> _Task instructions_:
A faithful copy of all the data is required; pictures should not be included.

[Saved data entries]
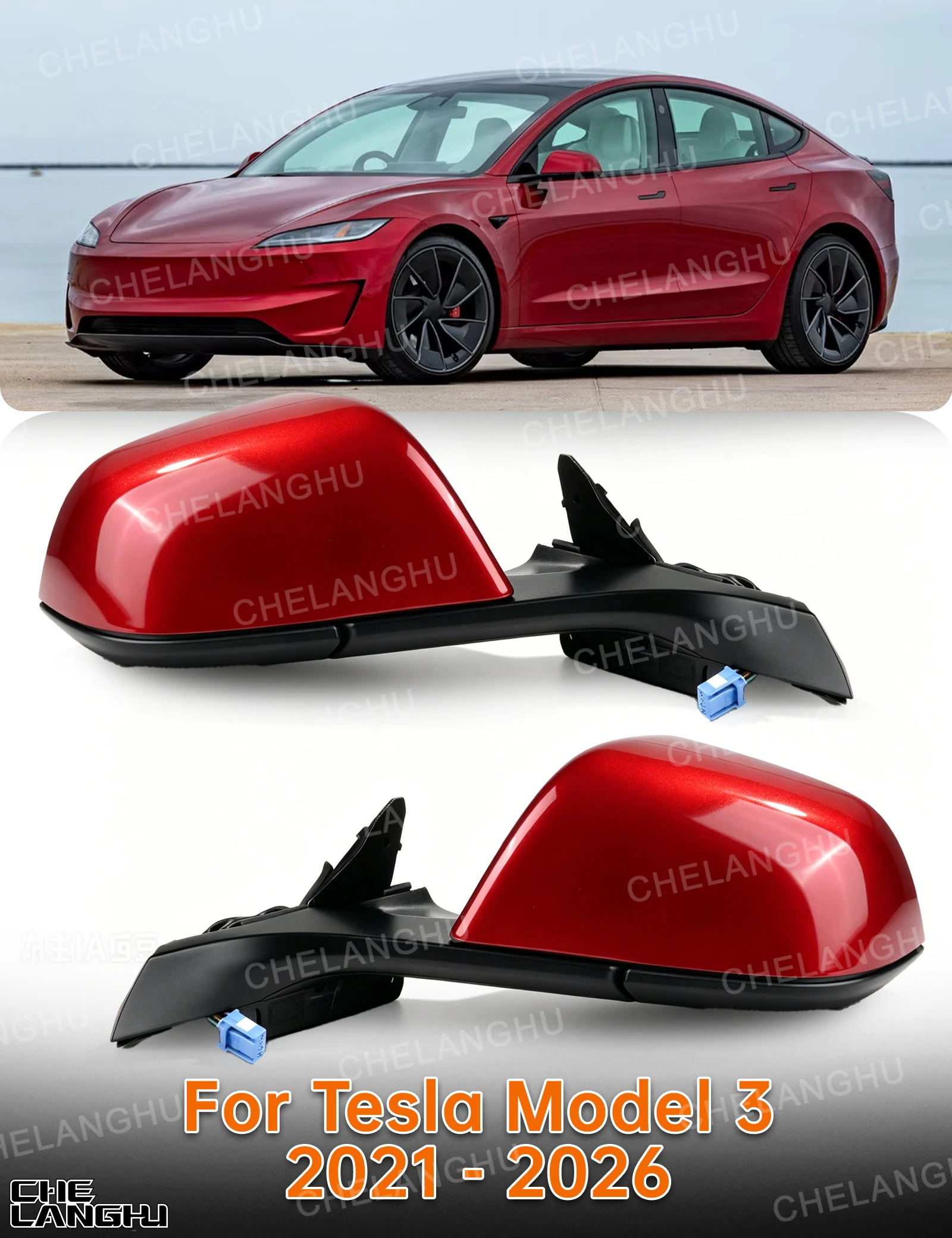 For Tesla Model 3 2021 2022 2023 2024 2025 2026 Car 10/11 Pin Red Painted Power Fold Memory Auti Glare Mirror Assembly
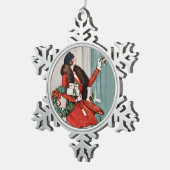 Vintage Christmas Doorstep Illustration スノーフレークピューターオーナメント (右)
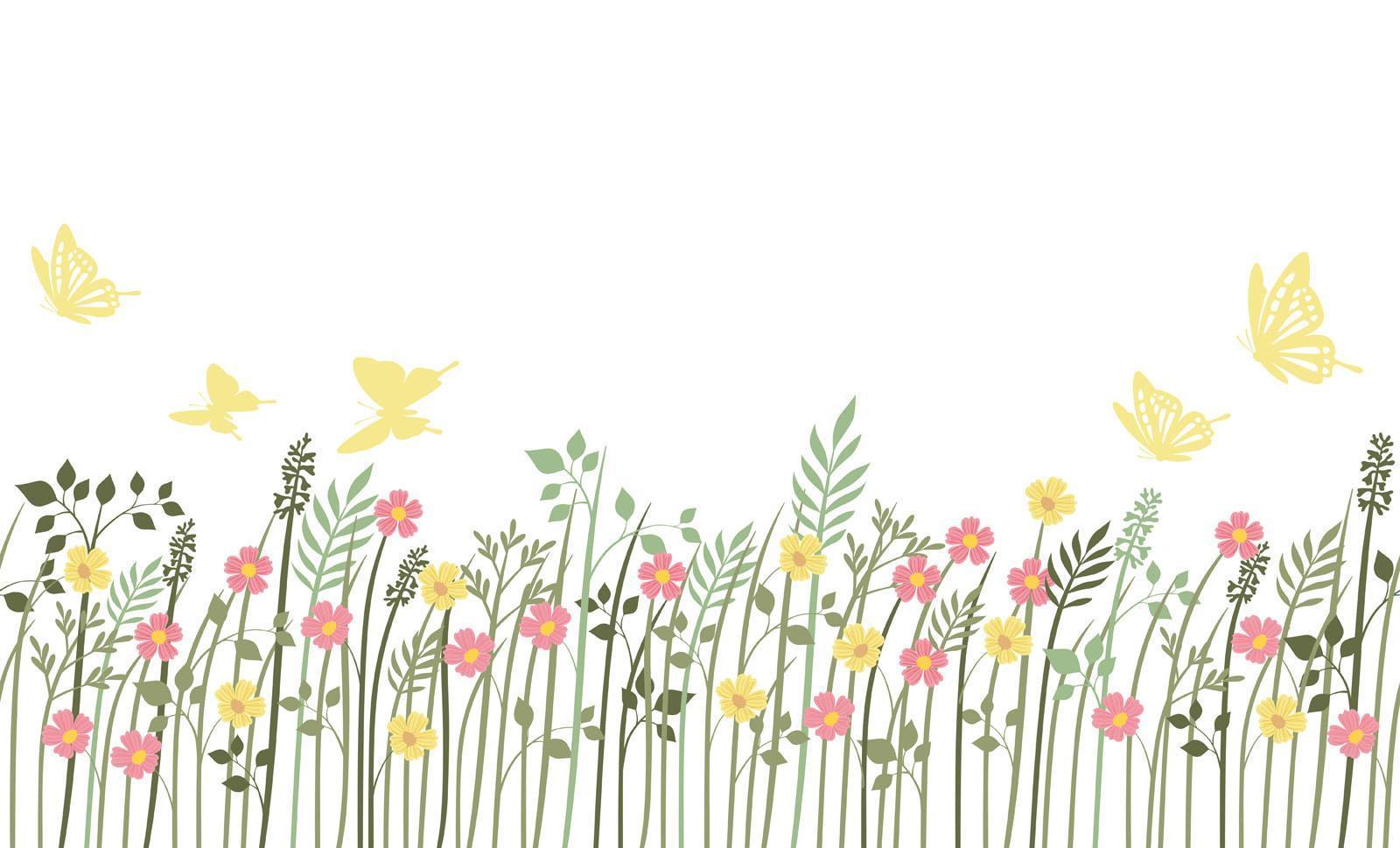 Springtime Field Seamless Background With Plants vector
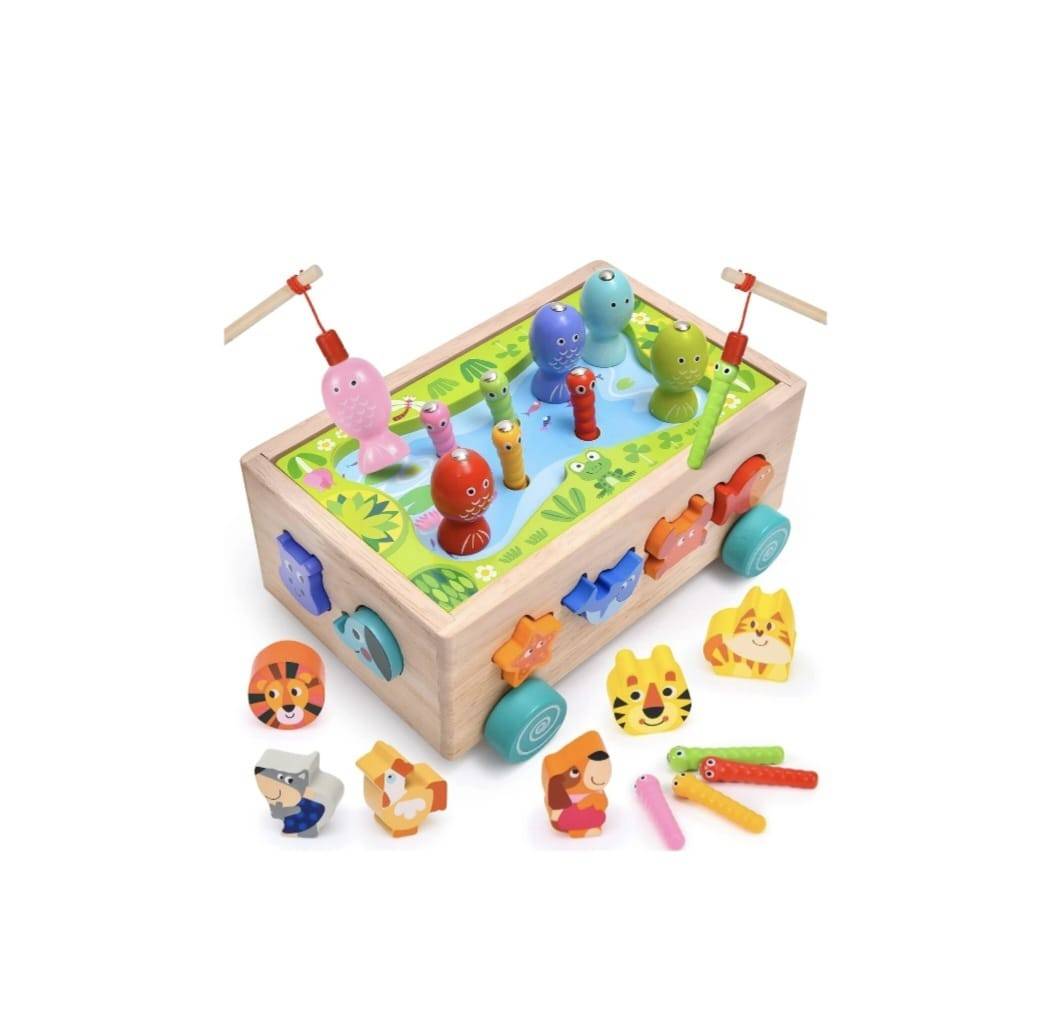 Jucarie de tras din lemn cu sortator, pescuit, forme si animale, multicolor, 18 luni +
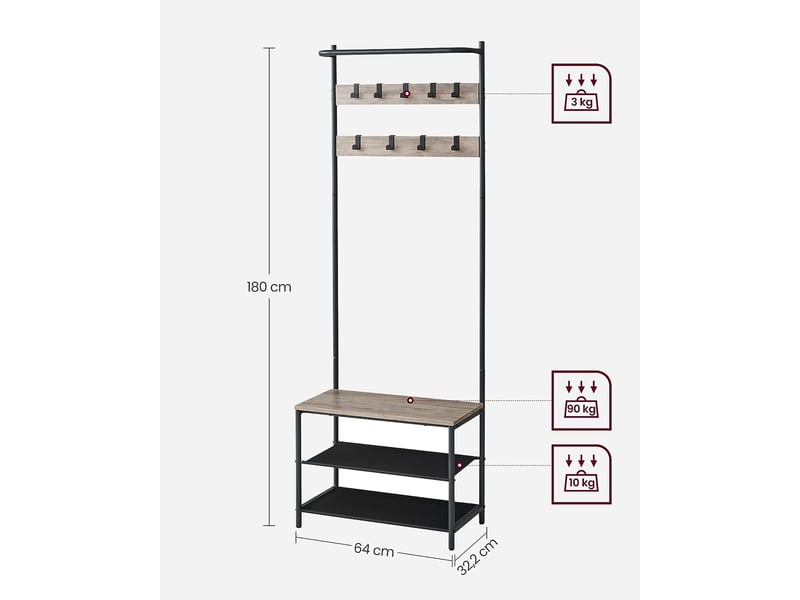 Meuble d’entrée 32,2 x 64 x 180 cm porte-manteaux avec banc et étagère à chaussures 9 crochets amovibles tringle pour entrée chambre style industriel gris 12_0006392  - Conforama D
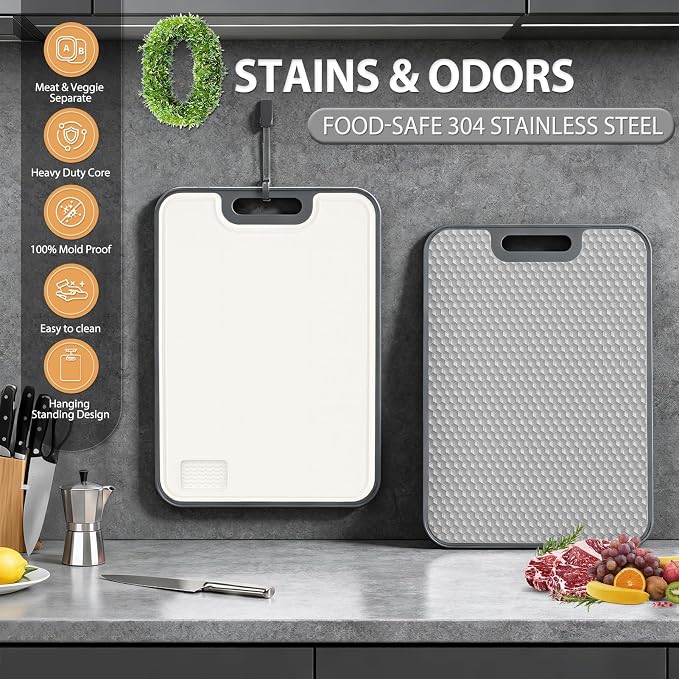 18/8 Stainless Steel Cutting Board, Large Double Sided Chopping Board - Image 2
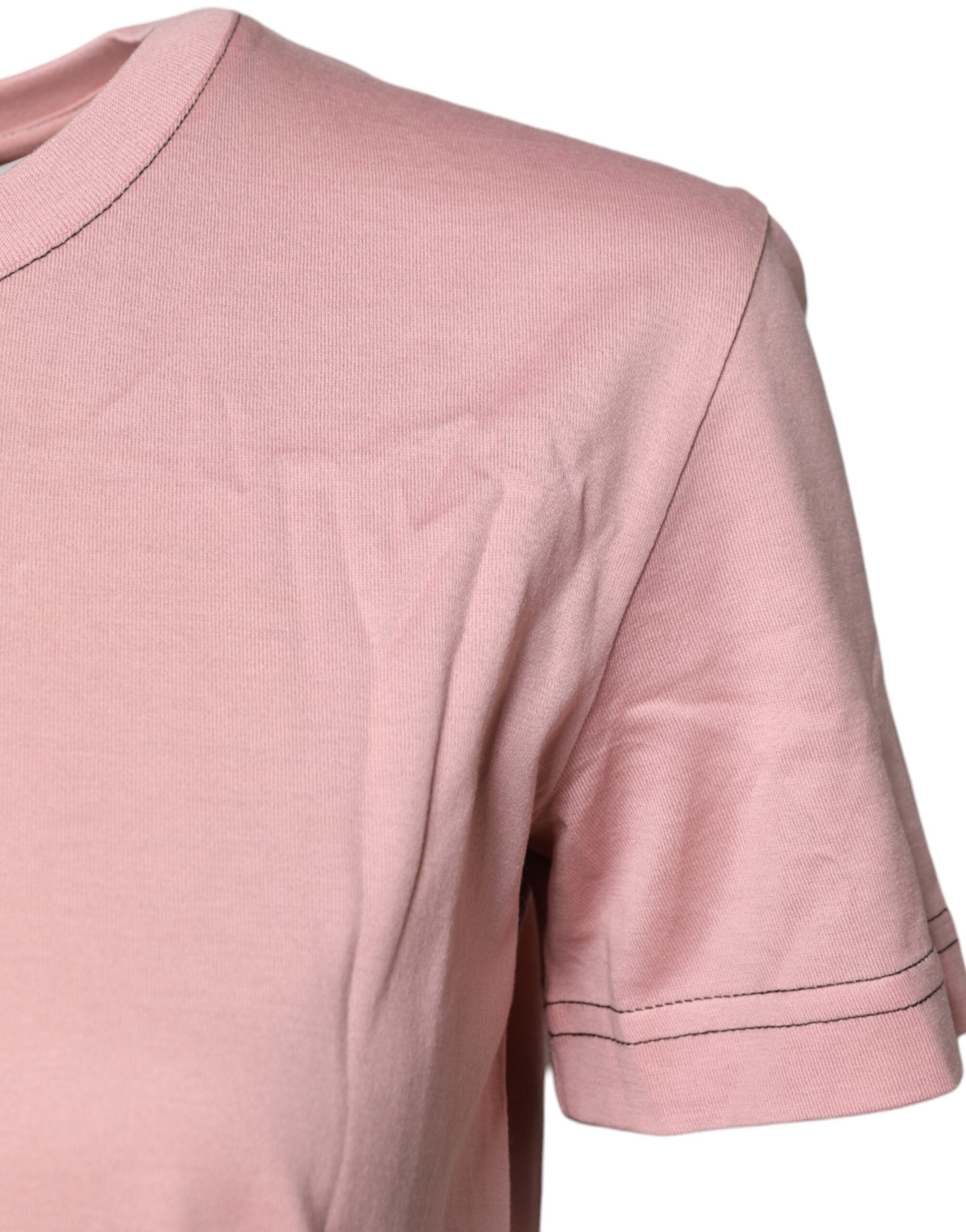 Pink Logo Print Cotton Crew Neck T-shirt - ventzia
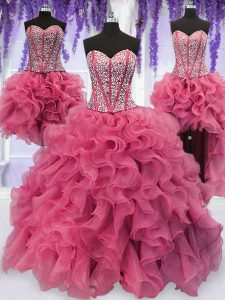 Four Piece Pink Organza Lace Up Sweetheart Sleeveless Floor Length Quinceanera Gowns Ruffled Layers and Sequins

> _Solution_:
 For Tesla Model 3 2021 2022 2023 2024 2025 2026 Car 10/11 Pin Red Painted Power Fold Memory Auti Glare Mirror Assembly
 Vintage Christmas Doorstep Illustration スノーフレークピューターオーナメント (右)
 Springtime Field Seamless Background With Plants vector
 Jucarie de tras din lemn cu sortator, pescuit, forme si animale, multicolor, 18 luni +
 Meuble d’entrée 32,2 x 64 x 180 cm porte-manteaux avec banc et étagère à chaussures 9 crochets amovibles tringle pour entrée chambre style industriel gris 12_0006392  - Conforama D
 18/8 Stainless Steel Cutting Board, Large Double Sided Chopping Board - Image 2
 Pink Logo Print Cotton Crew Neck T-shirt - ventzia
 Four Piece Pink Organza Lace Up Sweetheart Sleeveless Floor Length Quinceanera Gowns Ruffled Layers and Sequins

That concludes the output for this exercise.